L: Not really. I mean, he was always so supportive of our music. Ivory Hours was something that I was always going to do. These events just confirm that this is what I just need to do. Essentially what I focus on now is just doing what I need to do to survive.
P: Yeah – that’s really true. When you look back on your time in Vancouver – how to compare what’s going on in (south-western) Ontario in comparison to what’s going on out west?
L: I would say that in Vancouver the Indie Rock scene is just white-washing everything; kinda like that electro-indie thing.
L: Additionally, when I was over there I really, really involved in writing and recording and really didn’t spend much time getting out, meeting people, and booking the right kinda shows. Of course, there are a lot of names from there that I recognize now doing fairly well. I mean, you’ve heard of Rococo and Hey! Ocean, all this kind of up-beat indie pop.
P: Is that the West-Coast-Canada-sound according to you?
L: Actually, yeah, I was really surprised, I thought it that sound was kinda ubiquitous but .. I mean, you would know more about it than I would really…
P: Well, the Toronto is scene is really representative of its diversity. There’s a folk scene, a rock scene, a soul scene, an electro-swing scene (oddly), and these communities, although separate are in no way exclusive. There’s no judgment either: you can walk into a hip-hop show or a metal show and feel welcomed – as long as you’re there to appreciate the music you’re not going to walk outta there with any trouble.
L: Yeah – that’s not really something that Vancouver lacks, but it’s certainly a different vibe in Toronto.
P: I know this is gunna sound like a flakey question: but what part of your music really defines you as a band? What makes you guys stand out?
L: I think the one thing is the harmonized vocals. It’s funny how people have these weird notions about siblings voices being tuned perfectly to one another.

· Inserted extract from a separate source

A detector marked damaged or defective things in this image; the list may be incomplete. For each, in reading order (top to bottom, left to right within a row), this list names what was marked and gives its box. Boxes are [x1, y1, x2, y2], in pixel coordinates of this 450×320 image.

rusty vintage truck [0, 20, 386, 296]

P: It’s actually the most true thing ever.
L: Haha! … so that’s always been a gigantic part of the music and behind that is, well, I write all the music so a lot of it is, frankly, guitar driven stuff, but recently having people on board who share this passion and talent is a huge asset. For instance, I can write a rough bass line or write a simple drum beat and they can just take it from there.
Other than that – I mean, every band will tell you that they “cross-genres” and I really don’t want to say that we’re a little bit of everything, but … I mean, just tonight, one of those songs was a soul song, some of them was upbeat pop, some of them was R&B, some of them was rock & roll, the change is very distinct only because, if I’m going to write a soul song, I want to do it right.

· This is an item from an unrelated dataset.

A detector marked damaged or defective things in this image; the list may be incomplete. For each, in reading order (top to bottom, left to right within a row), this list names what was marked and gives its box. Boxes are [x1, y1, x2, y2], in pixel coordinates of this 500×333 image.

I did the same thing for the production notes that we did for the new EP. By defining each “sound” it makes it easier from a production standpoint as well.
P: A new EP is on the way then?
L: Yes. We’re recording it at Emac Studios in London, engineer is Matt Grady – we had won a radio contest to record and thankfully I had already spoke to Matt prior to winning and already had a solid foundation for what the EP was going to sound like.
P: Where do you see the new EP, and by extension The Ivory Hours taking you personally? Do you want to be, like, the biggest band on earth, or what?
L: Not even! I just want to live. I really don’t have any aspirations to “take over the world”. Unfortunately, there seems like there’s a lot of black and white when it comes to being a commercially successful group, but I feel nowadays there’s a lot of room for people for people NOT to be Beyonce or alternatively, playing dive bars for the rest of your life. I’m hoping for that middle ground.